# Need help finding a shotgun part



## MossyMO (Feb 12, 2004)

My youngest sons favorite shotgun needs a replacement part that I can not find. 2 years ago we were hunting and when he made his 3rd shot the barrel and forearm went flying forward about 4 feet from him leaving nothing but the stock in his right hand. I caught this out of the corner of my eye and when it happen he was startled and yelled. I immediatly turned wondering if he was injured, he was fine, just startled.

The magazine feed or receiver tube located below the barrel had broke and the shotgun basiclly broke in half. I had it to a local gunsmith and he had no idea where to find a replacement part, said the company had gone out of business years ago. My son really misses shooting the gun and if anyone has any ideas or directions to steer me in, it would be greatly appreciated.
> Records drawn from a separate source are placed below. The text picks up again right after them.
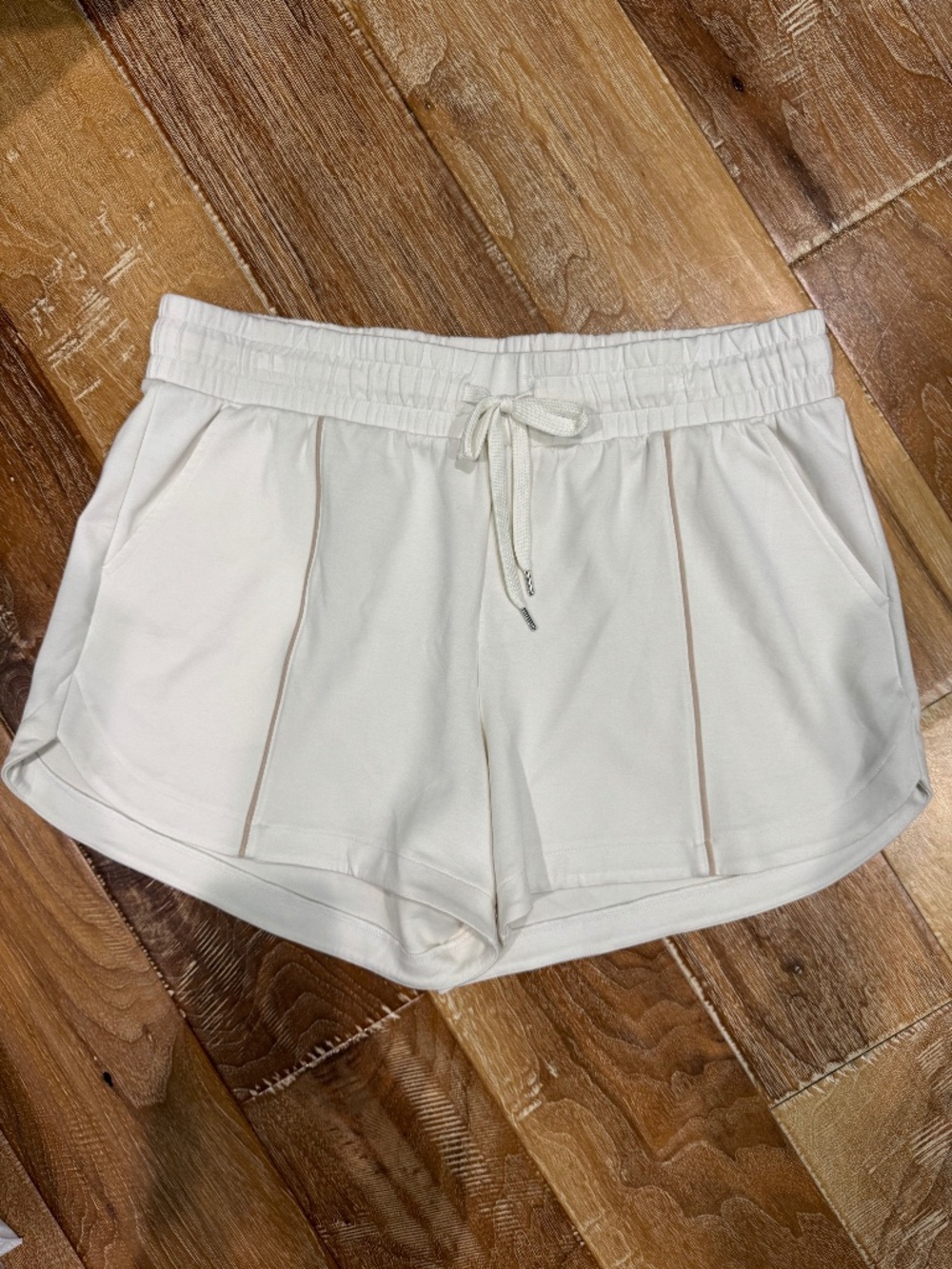 ID Ideology Women's High-Rise Relaxed Pull-On Shorts in soft cream/white LARGE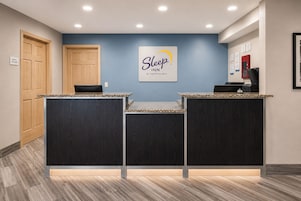 A reception desk with a sign for Sleep Inn by Choice Hotels, wooden doors, and a red fire alarm.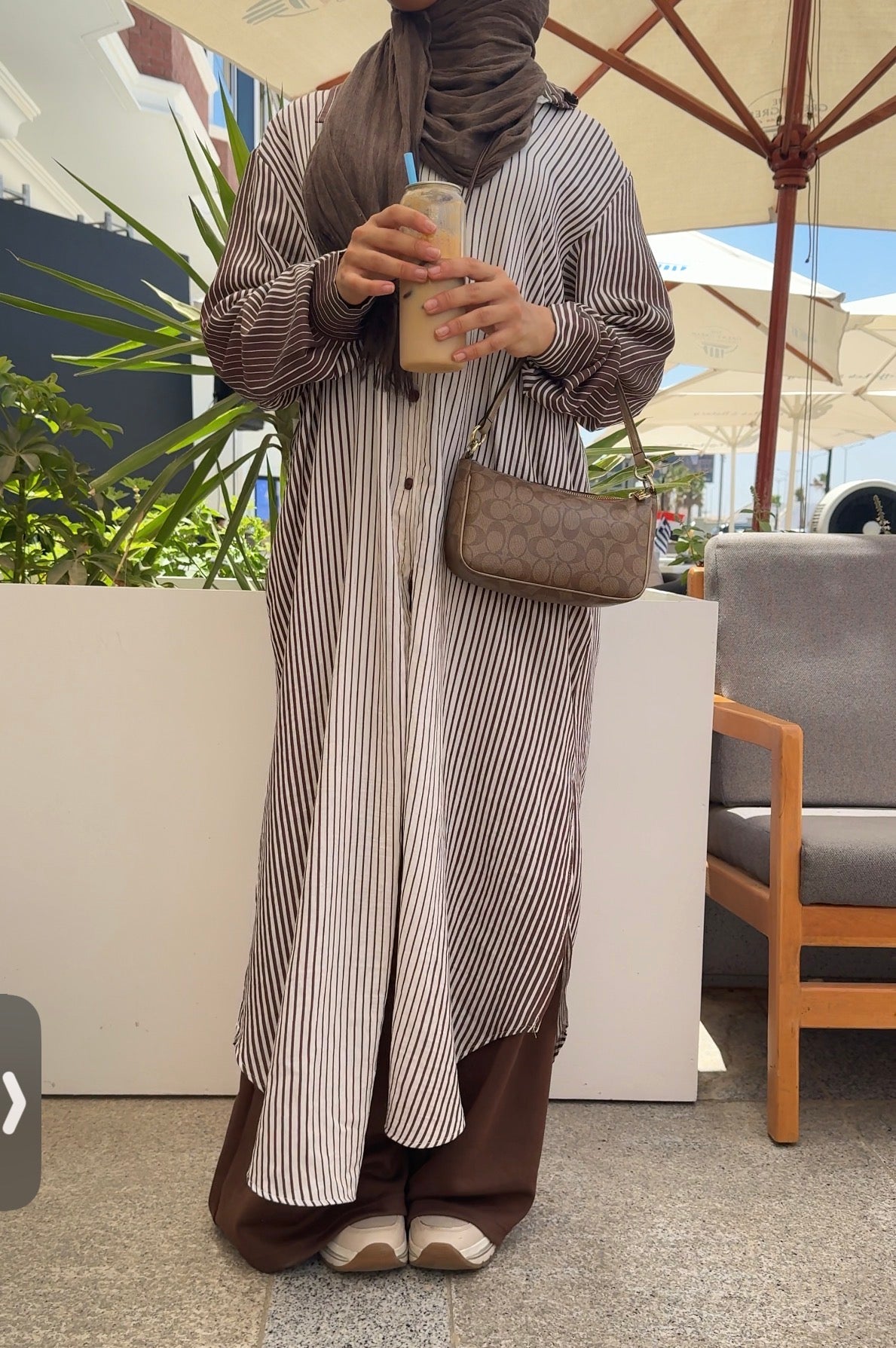 Amenaa long striped shirt featuring a relaxed fit with horizontal navy and white stripes, displayed on a model.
The shotgun is a 12 gauge, 2 3/4 inch pump Farms Brescia and on the receiver it reads made in Italy. On the otherside of the shotgun it reads Tradewinds, Inc - Tacoma - Washington - U.S.A. The barrel reads Automatic Model H-170. The barrel could possibly not be original equipment since it reads automatic?

Thanks in advance to whomever may be able ot help.


----------



## Springer (Dec 21, 2004)

This is the obvious I think but have you checked

http://www.e-gunparts.com/

They have a lot of parts.


----------



## leadshot (Aug 2, 2004)

Keep checking E-Bay. I have found some pretty rare parts that I needed to repair some of my guns.


----------



## Robert A. Langager (Feb 22, 2002)

Can you take it to a welder/fabricator etc and have the magazine tube repaired? Should be pretty straightforward. On another note, how did it break? Was it from "normal" use? If so, I would be very wary of shooting it for safety reasons. Maybe that's why they went belly up?

HTH

RC


----------



## Robert A. Langager (Feb 22, 2002)

You can try here:

http://www.wisnersinc.com/otherparts_sources.htm

Can you post some pics of the gun?


----------



## Robert A. Langager (Feb 22, 2002)

I am a bit confused. I assume this is the same shotgun you posted up about here:

http://www.nodakoutdoors.com/forums/vie ... ht=brescia

You said it was an auto then but now it is a pump? Not trying to stir anything up, just trying to get the info straight.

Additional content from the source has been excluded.